Now that we have discussed data security, we can look at some other, less daunting, but equally important issues. Many people don’t stop to think about what the relationship with a vendor would be after they become a customer. This usually ends up causing problems down the road. This is commonly referred to as Customer Support. Remember earlier when we said many people get frustrated because of hidden fees that pop up? This is probably where they came from. These issues could be easily avoided by asking yourself and the vendor some very simple questions like:
- Are you expecting 24/7 phone support, email support, both?
- Are you going to have to pay for certain levels of support?
- What is the expected procedure if you were to run into a problem?
- How long do you have to wait for a response to your issue, and when will you know if it is being addressed?
- Is there a guaranteed up-time for the technology, and what happens if this is not met?

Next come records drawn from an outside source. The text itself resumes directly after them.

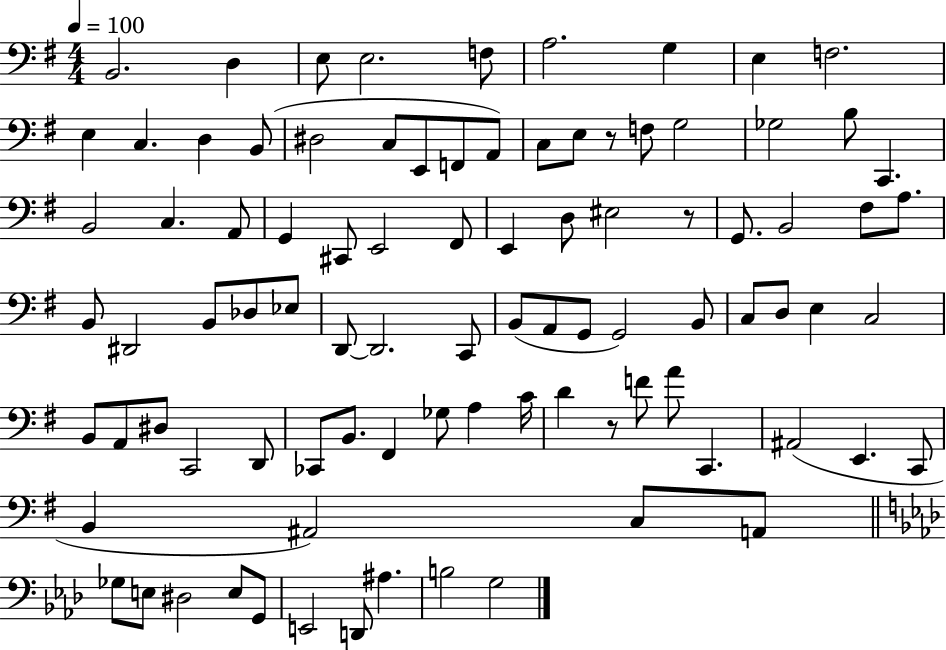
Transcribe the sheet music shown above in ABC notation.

X:1
T:Untitled
M:4/4
L:1/4
K:G
B,,2 D, E,/2 E,2 F,/2 A,2 G, E, F,2 E, C, D, B,,/2 ^D,2 C,/2 E,,/2 F,,/2 A,,/2 C,/2 E,/2 z/2 F,/2 G,2 _G,2 B,/2 C,, B,,2 C, A,,/2 G,, ^C,,/2 E,,2 ^F,,/2 E,, D,/2 ^E,2 z/2 G,,/2 B,,2 ^F,/2 A,/2 B,,/2 ^D,,2 B,,/2 _D,/2 _E,/2 D,,/2 D,,2 C,,/2 B,,/2 A,,/2 G,,/2 G,,2 B,,/2 C,/2 D,/2 E, C,2 B,,/2 A,,/2 ^D,/2 C,,2 D,,/2 _C,,/2 B,,/2 ^F,, _G,/2 A, C/4 D z/2 F/2 A/2 C,, ^A,,2 E,, C,,/2 B,, ^A,,2 C,/2 A,,/2 _G,/2 E,/2 ^D,2 E,/2 G,,/2 E,,2 D,,/2 ^A, B,2 G,2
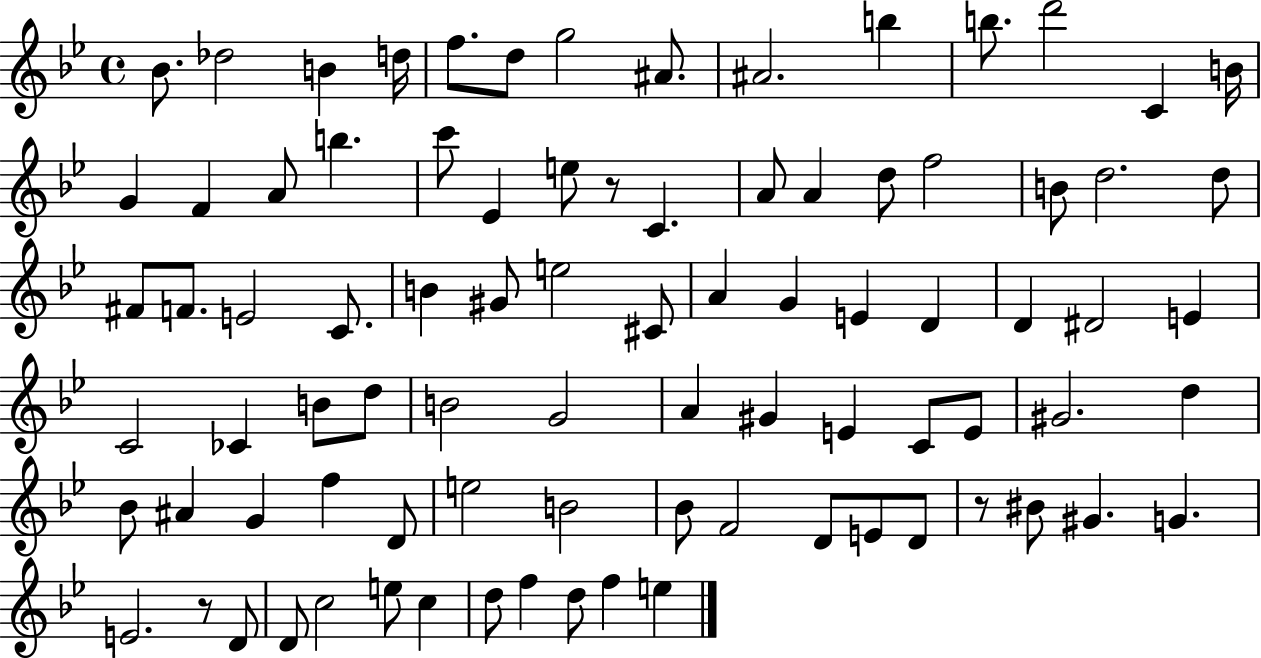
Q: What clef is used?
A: treble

- Does the vendor offer unlimited document storage space, or if you go over a certain amount will you be charged extra?
Now the last thing vendors want you to think is that is all about hidden fees jacking up prices. There can be perks that you may not be aware of as well. For example, many companies have referral programs. Companies often will give significant price breaks or even completely subsidize costs if you refer others to their platform. This can be a good way of saving some money on your end. There may also be rewards for people who volunteer to test new updates and provide feedback to help make the product better. It may not always seem like it, but we do listen to your feedback. It is very important to us, and it is the most beneficial way to improve technology. You are the ones that are out there in the fields using the technology every day and understand what works and what does not.
If you do find yourself in a situation where your feedback is being ignored and a particular product is not working out for, you should certainly understand what happens to all of your data in the program if you decide to leave. Who has the rights to this information? How will you get your data back?. By law, the technology company is not allowed to withhold any PHI from you. However, it may not necessary be given back to you in a convenient format. Some vendors do this to discourage you from moving to a different platform. You will certainly want to ask your vendor what happens if you choose to leave just in case you find yourself in this situation.
Let’s quickly review everything discussed in this article. We talked about how to break down your day and analyze your time to decide what your practice needs. We discussed how to determine what you are willing to pay. We ensured that all of your security questions have been answered. We know what you can expect in terms of levels of support if you became a customer, and we came full circle to understand what happens if things don’t work out with a particular vendor. None of this is meant to make the process of choosing the right EMR a difficult process. It is simply a good idea to be fully educated before making a decision. Always remember, technology should be a tool to help make your life easier. It should be reliable, save you time, and eliminate frustrations.